At a high level, there are two reasons you might want to make changes to an existing codebase:

  • to change the semantics of the program (e.g. new features, bug fixes, etc.)

  • to change the organization of the program (i.e. refactors)

The best way to reduce cognitive overhead for your reviewer is to decide whether to alter the program’s semantics or its organization, and to ensure every line you change is consistent with that decision. Reviewing new and/or changing business logic requires a different kind of scrutiny than reviewing changes to the expression of existing, battle-hardened business logic. You would rather your reviewer spend their limited time and energy on more valuable things than trying to infer the intention behind each line of your diff and context switching.

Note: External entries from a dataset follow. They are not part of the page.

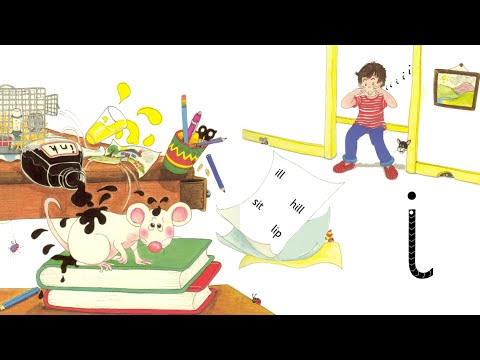 Jolly Phonics Story - /i/ sound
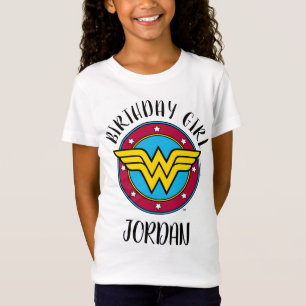 DC-Comic  Wunder Woman Geburtstag T-Shirt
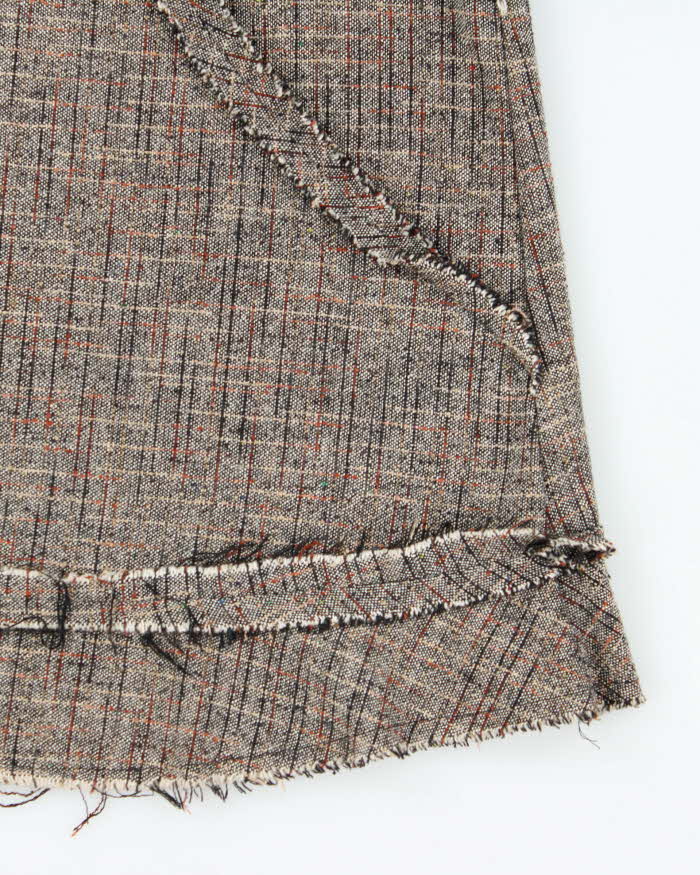 Vintage 00s Lisa Z Wool Blend Skirt - XS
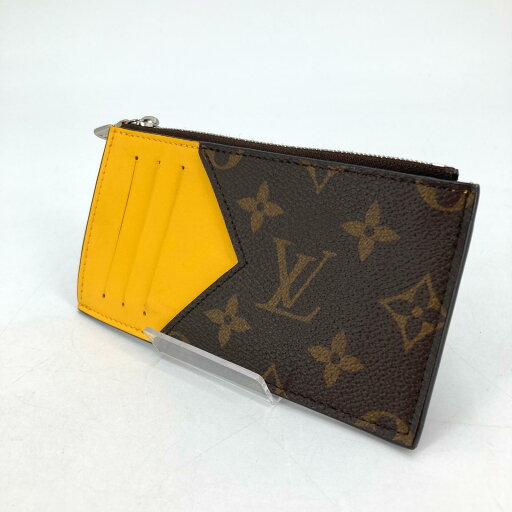 【中古】 LOUIS VUITTON | ルイ・ヴィトン コインカード・ホルダー コインケース M82910 イエロー【イオン広店】 【中古】 LOUIS VUITTON | ルイ・ヴィトン コインカード・ホルダー コインケース M82910 イエロー【イオン広店】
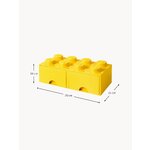 Yellow Toy Box Brick (Lego)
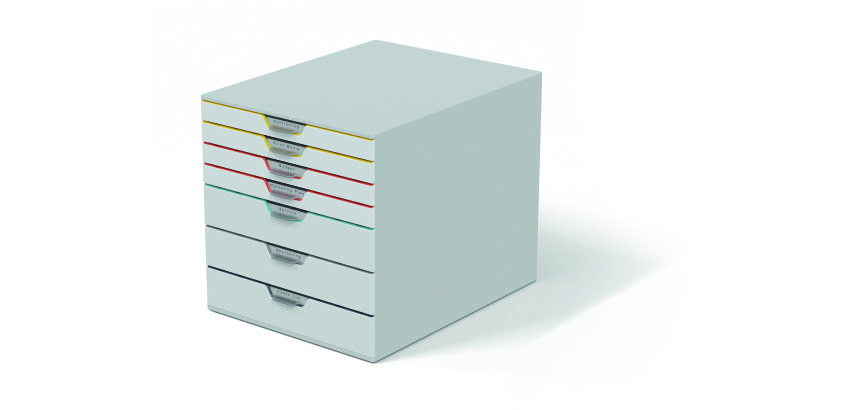 Module de classement VARICOLOR 7, 7 tiroirs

Consider an example based on a file with the following contents. This is just a text file with a set of palindromes in it and not real code, but for the sake of keeping this example simple, let’s suspend disbelief and pretend that it is.

palindromes

There are two kinds of palindromes here: words (which have no whitespace or punctuation, and are identical when read forwards and backwards), and phrases (which read the same forwards an backwards if you ignore whitespace, punctuation, and capitalization). We want to add a new feature to this file: adding appropriate punctuation to each phrase by capitalizing, adding periods to the end of complete sentences, etc. Along the way, we realize that this would be easier if the file were better organized: words and phrases should be grouped together separately, and each group should be sorted alphabetically. Here’s what it might look like if we attempt to make all of these changes at once.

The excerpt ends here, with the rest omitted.